C. Description of evidence
After defining its analytic approach to the coverage issue, the Decision Memo describes the evidence that CMS reviewed in resolving the issue. CMS Ex. 1, at 23-42. CMS focused primarily on the three clinical studies that supported the FDA premarket approval application: the D-01 pilot, the D-02 pivotal, and the D-02/D-04 studies. Id. at 23-40. CMS also reviewed “evidence-based” medical practice guidelines, technology assessments of VNS by non-governmental organizations, and medical literature and other material submitted by Cyberonics. Id. at 20, 23-24, 40. In addition, CMS reviewed and responded to public comments from patients, researchers, academic and practicing physicians, medical organizations, and others. Id. at 40-53.
D. Findings and Analysis
As indicated, the D-01 and D-02/D-04 studies reported results suggesting that long-term adjunctive VNS may confer a treatment benefit on some persons with TRD. See CMS Ex. 1, at 33-34, 39. The Decision Memo indicates that CMS gave both studies little weight. In general, CMS found that the studies’ designs or methods were inadequate to minimize potential biases and account for “confounding” variables (that is, extraneous variables whose influence affects the variable being studied) that may have accented or masked the true effect of VNS, thereby skewing the reported results. Id. at 54-57. CMS emphasized that “[w]ell-designed clinical trials are important for accurate outcome interpretation,” and that “inclusion of an appropriate comparator [i.e., a control group] facilitates study interpretation.” Id. at 22. In addition, said CMS, “[w]ell constructed randomization” minimizes bias. Id.
CMS took note of several potential “confounders” in the VNS studies, including the placebo response,11 the fact that depression patients sometimes experience spontaneous remission, the influence of changes to a study subject’s concurrent non-VNS antidepressant therapy, and the statistical phenomenon of “regression to the mean” (i.e., natural variability or “waxing-and-waning” of symptoms). CMS Ex. 1, at 22, 46-47, 55, 56. CMS characterized the placebo response as a “substantial, common consideration in trials of antidepressants,” and stated that “more weight will normally be accorded to studies that are designed to guard against the placebo effect.” Id. at 22.

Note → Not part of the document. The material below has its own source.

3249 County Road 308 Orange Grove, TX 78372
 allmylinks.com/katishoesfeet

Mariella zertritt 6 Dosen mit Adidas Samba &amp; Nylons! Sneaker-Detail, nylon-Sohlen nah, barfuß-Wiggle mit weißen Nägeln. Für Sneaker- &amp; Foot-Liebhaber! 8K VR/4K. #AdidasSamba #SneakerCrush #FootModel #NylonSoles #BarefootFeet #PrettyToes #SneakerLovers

CMS expressed other concerns in the Decision Memo. For example, CMS commented that “treatment-resistant depression” is a term that “lacks a standard definition that has been scientifically validated, and appears to be subject to various interpretations.” CMS Ex. 1, at 54. CMS observed that published literature, including the clinical studies of VNS, uses “varying definitions of treatment resistance, response, and remission” and noted that a “debate exists regarding whether assessment at a single time point (e.g., at the end of a clinical trial) is acceptable in defining remission or whether remission should be defined as no or few symptoms sustained over a predefined length of time.” Id. at 45, 46. The lack of uniform or standardized definitions of response, remission, and relapse, said CMS, makes it difficult to compare studies and identify the circumstances under which a patient might benefit from VNS. Id. at 22, 46. CMS stated that regardless of whether there is a standard definition of treatment resistance, the relevant published medical literature has not “clearly defined the treatment resistant group for whom VNS, if proved to be beneficial, might be indicated.” Id. at 52, 57.
CMS also questioned researchers’ reliance on outcome instruments that subjectively measure or report depressive symptomatology, commenting that CMS “generally accords more weight to outcomes with validated measures of patient functioning (social and work), quality of life, morbidity (such as hospitalization), and mortality.” CMS Ex. 1, at 21-22. It was also “not clear” from the clinical studies, said CMS, “which items and which scales are most sensitive at measuring changes during a patient’s treatment for depression.” Id. at 21.
In addition, CMS was skeptical about whether the findings of the studies upon which Cyberonics’s coverage request was based (particularly the D-01 and D-02/D-04 studies) were valid for older adults, the largest subgroup of the Medicare population, for whom depression “occurs in a complex psychosocial and medical context.” CMS Ex. 1, at 16.
11 CMS explains in one of its submissions to the Board that the “placebo response” consists of a “study effect” – the influence of factors associated with being in the clinical trial, such as receipt of care that may be superior to that received prior to the study – and a “placebo effect” – which is a “nonspecific, psychological or psychophysiological therapeutic effect that can be attributed, at least in part, to the expectation that improvement will follow the application of a treatment.” CMS Supp. Br. at 4.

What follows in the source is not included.